The next day, the woman returned, this time striking up a conversation with Sipple, asking her about the baby's father. Then the woman looked at Irma, who had a runny nose, and said, ''Your baby's sick, isn't she? You
should get her a checkup.'' Sipple explained that she had no money for a doctor, so the woman, who identified herself as Georgia Tann, offered to take the child to Memphis General Hospital.
Looking back, Sipple wonders at her own naiveté. ''How did I mess up so bad? I guess she knew the dumb ones.'' Still, she had been worried about her baby's health. And she'd assumed she would go with them to the hospital. So she signed a piece of paper. When Tann told her it would be impossible for her to go along, Sipple remembers, ''I had a weird feeling, but I thought, 'Well, you've gotta trust somebody.' ''
The next day, Sipple went to the hospital children's ward, where she found Irma ''jumping up and down in her bed.'' But when she told a nurse she wanted to see her baby, the nurse said, ''You don't have a baby in there. Those children belong to the Children's Home Society.''
Over the next few days, Sipple's calls to Tann went unanswered. Finally, Sipple says, Tann called back and said Irma had died of pneumonia. ''Of course, I went into hysterics.''
When Sipple said she wanted to make arrangements for the burial, Tann rebuffed her, saying, ''I took it on myself and had the state put her away.''
At that point, Sipple says, ''I guess I went crazy.'' She took son Robert to Ohio to stay with her mother. And she returned to Memphis. ''I wanted to find the grave. I was half out of my mind.''
She found no grave. Her calls to the Tennessee Children's Home Society yielded only the information that ''the case is closed.'' She was told that Tann ''has nothing to say to you.''
With her son, Sipple returned to Kentucky. Her roots were there, and there she had two small daughters, the children of her first marriage, who were living with their father. The letters from the Irma's father in Panama
were fewer and fewer. ''He'd worshiped Irma,'' she says, and couldn't deal with the death.
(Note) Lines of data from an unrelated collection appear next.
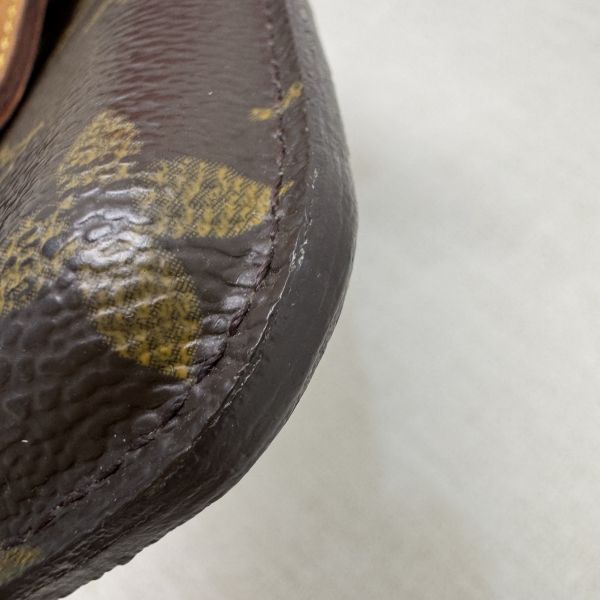 Louis Vuitton 老花多功能掛件鑰匙套 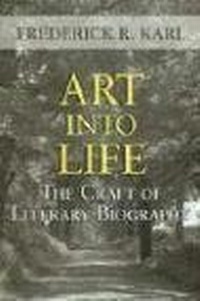 Enlarge image Cover: Art Into Life - Etruscan Press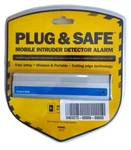 Plug & Safe Mobile Intruder Detector Alarm Model PS10 - Brand New. Price: $12.99.
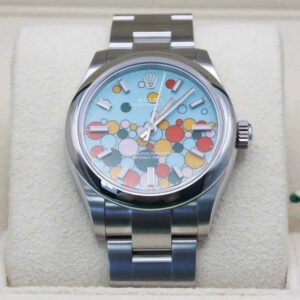 Rolex Oyster Perpetual 31 Celebration Dial 277200 Year: 2023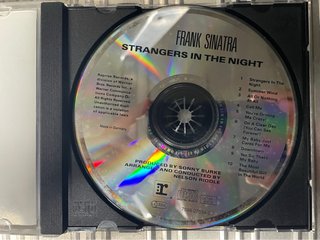 Frank Sinatra - Strangers in the Night CD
''That, and my going crazy. I drank, I admit it. I thought it would make it easy. All it did was keep me crying all the time.''
Soon afterward, Sipple married steelworker James Smith, a union that lasted 12 years and produced three sons and a daughter. After her divorce from Smith, she married Steve Sipple, a welder. They had a daughter and lived in Kentucky until 1969, when they moved to California.
Steve Sipple understood her need to trace Irma and, in the last few years, she had resumed her search. In 1982, she sent a query to the Bureau of Vital Statistics in Nashville. The answer came back: There was no death
certificate for Irma Tallos. After that, she ran into brick walls. The district attorney in Memphis couldn't help. The Tennessee Department of Human Services couldn't help.
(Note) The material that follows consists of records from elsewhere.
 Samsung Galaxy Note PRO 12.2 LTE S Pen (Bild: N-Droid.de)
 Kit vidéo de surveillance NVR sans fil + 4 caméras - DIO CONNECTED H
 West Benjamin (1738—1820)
Then, by chance, Sipple happened to tune into Unsolved Mysteries.
Alma Sipple is but one of thousands of victims of Georgia Tann and her black market baby scam.
Denny Glad, president of Tennessee's Right to Know, says, ''We have been overwhelmed'' by callers who saw Unsolved Mysteries. All together, it is estimated, Tann illegally placed more than 5,000 children.